Recently, cases of interest to the business litigation and real estate litigation communities were ruled upon. Below are the case styles and their main decree:
Tomlinson v. GMAC Mortgage, — So.3d —-, 2015 WL 5124763 (Fla. 2d DCA 2015).
Taking judicial notice of a court file does not automatically admit the documents in the court file; they are still subject to objection and challenge.
Strazzulla v. Riverside Banking Company, — So.3d —-2015 WL 5125454 (Fla. 4th DCA 2015).
The Fourth District adopts the Third District’s Dinuro Investments, LLC v. Camacho, 141 So.3d 731 (Fla. 3d DCA 2014), two-prong test and holds that shareholders must allege both a direct harm and a special injury in order to bring a direct action in their individual capacity.
Market Tampa Investments, LLC v. Stobaugh, — So.3d —-2015 WL 5131679 (Fla. 2d DCA 2015).

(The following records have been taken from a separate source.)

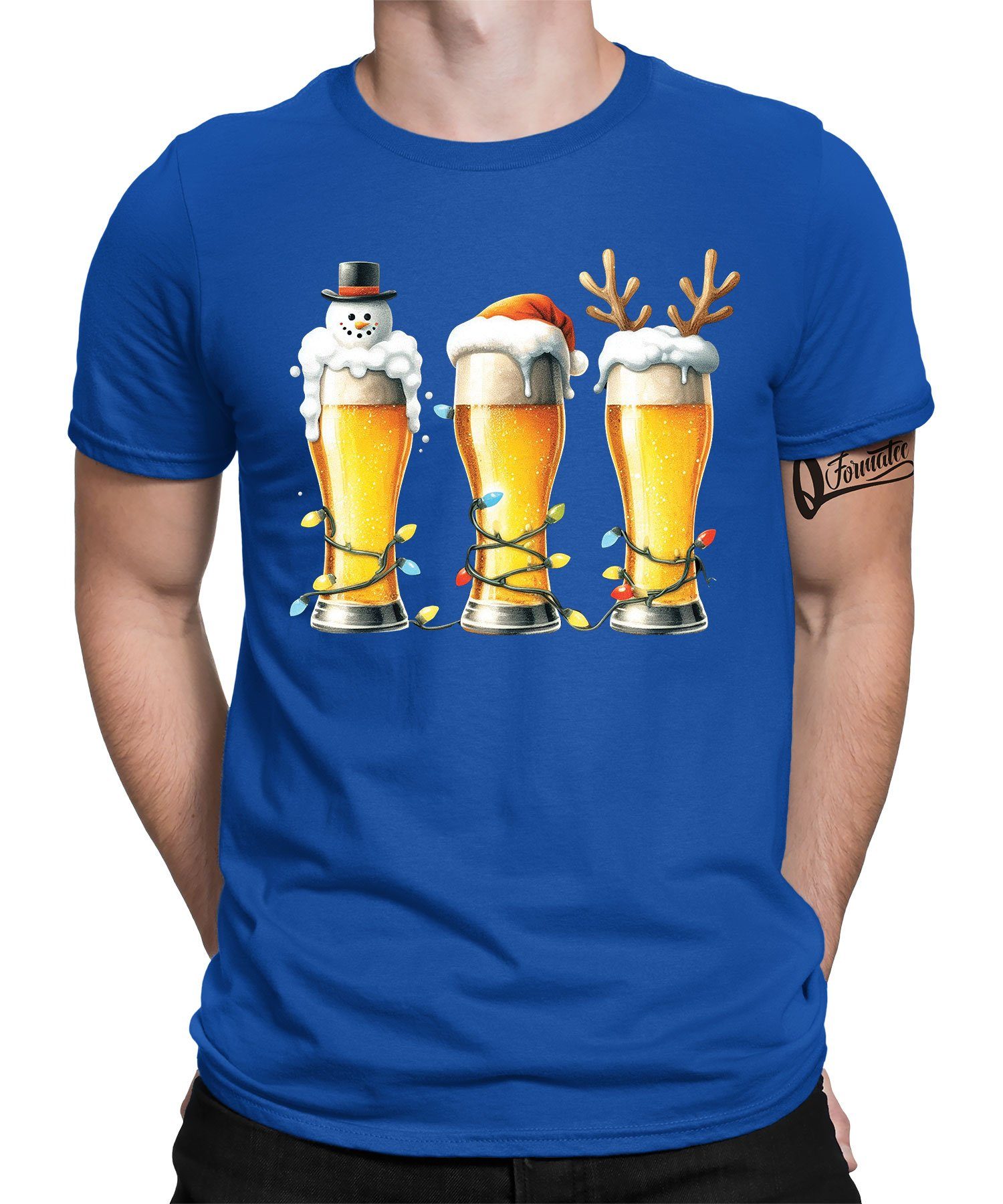 Quattro Formatee Kurzarmshirt Bier Bierliebhaber - Weihnachten Nikolaus Weihnachtsgeschenk Herren (1-tlg) Blau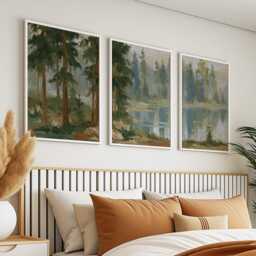 Forest Lake Trio, Neutral Woodland Wall Art Set - thumbnail 3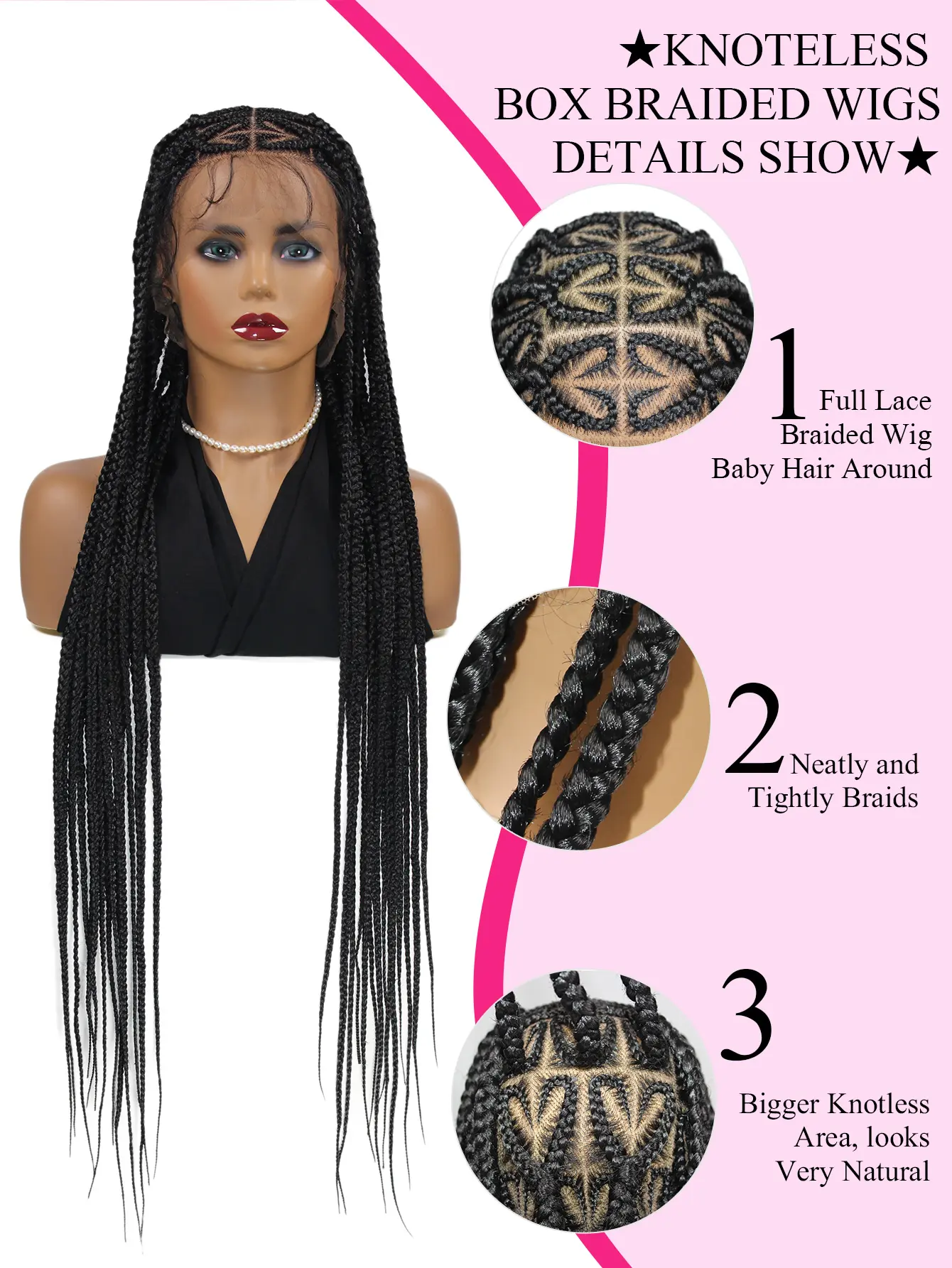 Goddess Cornrow Braided Wigs Synthetic Full Lace Heart Shape Knotless Braiding Wig For Black Women With Baby Hair Box Braids Wig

One who purchases property during a pending foreclosure case in which a lis pendens has been filed is generally not entitled to intervene.
Unless there is lack of “actual consent” or failure of subject matter jurisdiction, a party loses the right to an appeal if it agrees to a final judgment without reserving as to the issue or matter sought to be appealed.
The fact that the successful offeror of a proposal for settlement may claim its attorney’s fees from another co-defendant is not a basis for denying the request for fees.
Wells Fargo Bank, N.A. v. Clavero, — So.3d —-2015 WL 5132447 (Fla. 3d DCA 2015).
A non-signer’s receipt of mortgage funds (or receipt of the benefit of the funds) may supply a missing signature to a mortgage under equitable subrogation principles. However, ratification of an agent’s prior mortgage may occur only when the principal has full knowledge of the details surrounding the mortgage.